There was time before the worst of the winds to beach Titanic and seek shelter on the downwind side of the boat. Cirocco did not want to go under the trees, recalling the near-miss by a falling branch in the highlands.

The observing conditions were not good with the wind whipping her face and the clouds rolling overhead, but she managed

to catch glimpses of the storm coming out of Oceanus. It came from above. Clouds billowed down from the vast spoke above the frozen sea like the icy breath of God. The wind hit the sheet of ice and broke on it, whipped into tornadoes that looked tiny from that distance, but which must have been huge.

Through the clouds that rapidly advanced toward Hyperion, Cirocco could see the angled support cables that joined the ground to the sky over Oceanus. If they were moving in the wind it was far too slowly to be seen, but there must have been some swaying or stretching motion. The cables were shedding a fine gray mist. She watched it drift down into the narrow angles the cables made with the ground and had to remind herself that the particles she could see from so far away must be as large as trees. Then the clouds obscured all vision, and snow began to fall. Soon after that the river grew agitated, rising almost to the beached Titanic. Cirocco thought she could feel the ground moving.

She knew she was seeing some part of Gaea's air circulation system in operation, and wondered how the air was drawn into the spoke and what mechanism forced it back out again. She also wondered why the process had to be so violent. Calvin's watch said it had been seventeen days since the last Lament. she hoped it would be at least as long until the next.

As before, the cold did not last more than six or seven hours, and the snow did not stick to the ground. They weathered it better this time, finding that the blimpsilk clothes were more protective than they looked, working as windbreakers.

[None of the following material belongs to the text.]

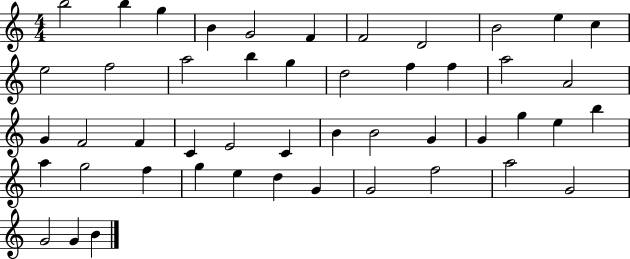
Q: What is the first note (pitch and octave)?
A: B5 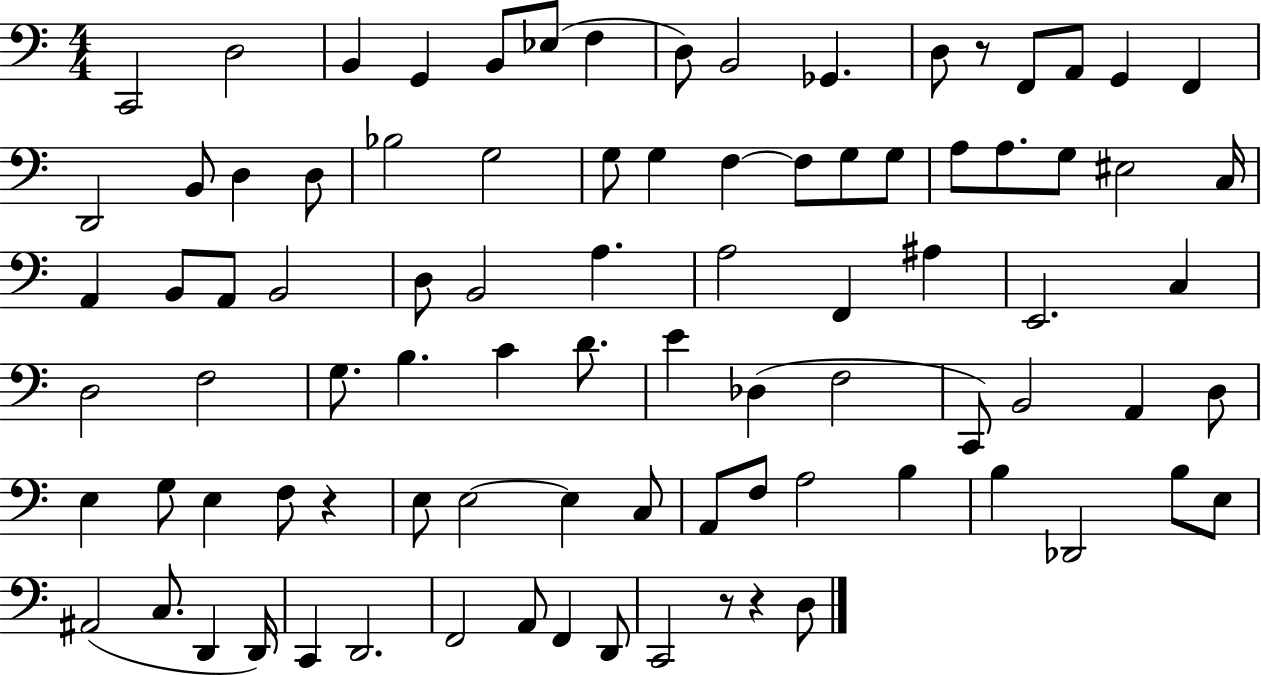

The thirtieth day since their emergence was marked by two things: something that happened, and something that didn't happen.

The first was their arrival at the confluence of the Clio and the mighty river Ophion. They were deep in south Hyperion by then, equidistant between the central vertical cable and the southern one, both of which now towered over them.

Ophion was blue-green, wider and swifter than the Clio. It swept Titanic into its center, and after a time of alertness and soundings with their poles, the travelers decided it would be safe to stay there. In size and speed, Ophion reminded Bill and Cirocco of the Mississippi, but with more vegetation and tall trees along the banks. The land was still jungle, but Ophion was wide and deep.

Cirocco was far more concerned with the non-event--- the one she had waited for as the days ticked by on Calvin's watch. She had been regular as the tides for twenty-two years, and it was disturbing to miss a period.

"Did you know it's been thirty days now?" Cirocco asked Gaby that evening."

"Has it? I hadn't thought about it." She frowned.

"Yeah. And I'm more than late. I've always been twenty-nine days; sometimes early by a day, never late."

"You know, I'm late, too." "I thought you were."

"Christ, that just doesn't make sense at all."

"I was wondering what sort of protection you used on Ring- master. Could you have forgotten about it back then?"

"Not bloody likely. Calvin gave me monthlies."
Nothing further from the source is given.